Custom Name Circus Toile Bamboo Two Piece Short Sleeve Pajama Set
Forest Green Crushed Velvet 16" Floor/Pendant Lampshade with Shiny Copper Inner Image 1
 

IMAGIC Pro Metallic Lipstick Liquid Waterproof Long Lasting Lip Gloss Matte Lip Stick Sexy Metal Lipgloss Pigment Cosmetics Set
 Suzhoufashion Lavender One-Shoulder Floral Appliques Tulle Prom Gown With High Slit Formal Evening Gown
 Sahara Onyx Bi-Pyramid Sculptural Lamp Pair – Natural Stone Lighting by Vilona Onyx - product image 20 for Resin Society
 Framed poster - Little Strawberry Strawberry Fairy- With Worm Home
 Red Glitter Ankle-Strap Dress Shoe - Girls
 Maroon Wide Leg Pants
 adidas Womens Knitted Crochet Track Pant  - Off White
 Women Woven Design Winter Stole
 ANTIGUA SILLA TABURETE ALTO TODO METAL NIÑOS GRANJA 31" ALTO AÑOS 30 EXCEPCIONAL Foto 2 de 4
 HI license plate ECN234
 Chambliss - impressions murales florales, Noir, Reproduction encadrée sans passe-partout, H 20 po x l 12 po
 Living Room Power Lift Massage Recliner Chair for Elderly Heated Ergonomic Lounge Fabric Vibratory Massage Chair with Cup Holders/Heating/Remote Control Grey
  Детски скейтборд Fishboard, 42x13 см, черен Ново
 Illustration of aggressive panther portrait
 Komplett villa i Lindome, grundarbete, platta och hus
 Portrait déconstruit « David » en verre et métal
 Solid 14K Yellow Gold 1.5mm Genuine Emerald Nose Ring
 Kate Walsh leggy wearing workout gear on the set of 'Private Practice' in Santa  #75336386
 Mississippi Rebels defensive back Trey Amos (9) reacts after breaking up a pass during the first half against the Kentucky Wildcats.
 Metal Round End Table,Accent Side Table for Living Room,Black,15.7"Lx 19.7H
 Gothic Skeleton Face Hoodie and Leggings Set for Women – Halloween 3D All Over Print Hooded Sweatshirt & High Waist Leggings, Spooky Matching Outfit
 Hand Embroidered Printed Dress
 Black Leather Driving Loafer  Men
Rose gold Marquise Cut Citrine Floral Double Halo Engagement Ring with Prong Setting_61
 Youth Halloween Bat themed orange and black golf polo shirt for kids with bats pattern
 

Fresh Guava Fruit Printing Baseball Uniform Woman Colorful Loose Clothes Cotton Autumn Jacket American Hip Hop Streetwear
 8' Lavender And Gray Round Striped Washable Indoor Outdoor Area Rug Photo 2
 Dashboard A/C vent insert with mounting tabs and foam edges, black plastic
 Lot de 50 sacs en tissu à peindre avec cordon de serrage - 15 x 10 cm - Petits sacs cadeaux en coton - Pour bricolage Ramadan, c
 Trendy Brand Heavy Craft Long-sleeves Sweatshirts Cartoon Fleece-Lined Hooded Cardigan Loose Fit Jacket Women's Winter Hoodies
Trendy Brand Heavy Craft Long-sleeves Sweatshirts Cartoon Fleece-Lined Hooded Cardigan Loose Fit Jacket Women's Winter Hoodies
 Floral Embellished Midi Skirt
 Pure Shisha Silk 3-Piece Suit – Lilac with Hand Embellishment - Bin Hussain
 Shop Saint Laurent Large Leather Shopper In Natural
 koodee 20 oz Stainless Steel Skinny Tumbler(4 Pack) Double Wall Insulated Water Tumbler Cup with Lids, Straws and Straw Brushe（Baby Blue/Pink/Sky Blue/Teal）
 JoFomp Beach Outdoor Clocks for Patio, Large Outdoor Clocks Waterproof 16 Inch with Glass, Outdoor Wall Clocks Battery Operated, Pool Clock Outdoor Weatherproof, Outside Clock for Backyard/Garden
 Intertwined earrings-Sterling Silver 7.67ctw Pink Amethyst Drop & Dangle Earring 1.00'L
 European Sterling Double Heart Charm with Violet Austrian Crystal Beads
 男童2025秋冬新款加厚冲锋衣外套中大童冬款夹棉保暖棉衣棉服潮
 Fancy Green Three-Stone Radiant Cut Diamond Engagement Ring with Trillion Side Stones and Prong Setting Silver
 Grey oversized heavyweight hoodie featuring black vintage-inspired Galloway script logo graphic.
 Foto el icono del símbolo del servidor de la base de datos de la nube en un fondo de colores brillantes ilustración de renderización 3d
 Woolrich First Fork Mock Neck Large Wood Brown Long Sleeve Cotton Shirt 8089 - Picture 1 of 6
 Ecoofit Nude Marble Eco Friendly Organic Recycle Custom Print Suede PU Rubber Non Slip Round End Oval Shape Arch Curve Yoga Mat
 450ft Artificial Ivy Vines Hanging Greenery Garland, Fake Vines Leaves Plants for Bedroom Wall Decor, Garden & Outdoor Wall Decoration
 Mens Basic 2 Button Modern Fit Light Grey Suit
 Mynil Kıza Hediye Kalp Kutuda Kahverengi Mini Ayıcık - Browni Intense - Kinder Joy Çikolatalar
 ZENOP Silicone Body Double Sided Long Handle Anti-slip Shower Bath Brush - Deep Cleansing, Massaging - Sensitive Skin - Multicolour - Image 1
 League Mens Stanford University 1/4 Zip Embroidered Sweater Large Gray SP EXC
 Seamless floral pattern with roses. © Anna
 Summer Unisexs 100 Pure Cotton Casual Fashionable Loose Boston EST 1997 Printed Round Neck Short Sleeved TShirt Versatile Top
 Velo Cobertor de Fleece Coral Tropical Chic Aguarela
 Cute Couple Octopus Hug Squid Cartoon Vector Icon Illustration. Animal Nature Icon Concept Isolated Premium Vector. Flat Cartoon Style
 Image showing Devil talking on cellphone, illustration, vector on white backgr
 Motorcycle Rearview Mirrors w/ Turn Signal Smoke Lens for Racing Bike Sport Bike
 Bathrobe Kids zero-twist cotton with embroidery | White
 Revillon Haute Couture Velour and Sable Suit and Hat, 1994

=======

Reproducing the whole listing above is not the task. Copy exactly only the lines from the one with "Komplett villa i" to the one with "Floral Embellished Midi Skirt", both kept.

 Komplett villa i Lindome, grundarbete, platta och hus
 Portrait déconstruit « David » en verre et métal
 Solid 14K Yellow Gold 1.5mm Genuine Emerald Nose Ring
 Kate Walsh leggy wearing workout gear on the set of 'Private Practice' in Santa  #75336386
 Mississippi Rebels defensive back Trey Amos (9) reacts after breaking up a pass during the first half against the Kentucky Wildcats.
 Metal Round End Table,Accent Side Table for Living Room,Black,15.7"Lx 19.7H
 Gothic Skeleton Face Hoodie and Leggings Set for Women – Halloween 3D All Over Print Hooded Sweatshirt & High Waist Leggings, Spooky Matching Outfit
 Hand Embroidered Printed Dress
 Black Leather Driving Loafer  Men
Rose gold Marquise Cut Citrine Floral Double Halo Engagement Ring with Prong Setting_61
 Youth Halloween Bat themed orange and black golf polo shirt for kids with bats pattern
 

Fresh Guava Fruit Printing Baseball Uniform Woman Colorful Loose Clothes Cotton Autumn Jacket American Hip Hop Streetwear
 8' Lavender And Gray Round Striped Washable Indoor Outdoor Area Rug Photo 2
 Dashboard A/C vent insert with mounting tabs and foam edges, black plastic
 Lot de 50 sacs en tissu à peindre avec cordon de serrage - 15 x 10 cm - Petits sacs cadeaux en coton - Pour bricolage Ramadan, c
 Trendy Brand Heavy Craft Long-sleeves Sweatshirts Cartoon Fleece-Lined Hooded Cardigan Loose Fit Jacket Women's Winter Hoodies
Trendy Brand Heavy Craft Long-sleeves Sweatshirts Cartoon Fleece-Lined Hooded Cardigan Loose Fit Jacket Women's Winter Hoodies
 Floral Embellished Midi Skirt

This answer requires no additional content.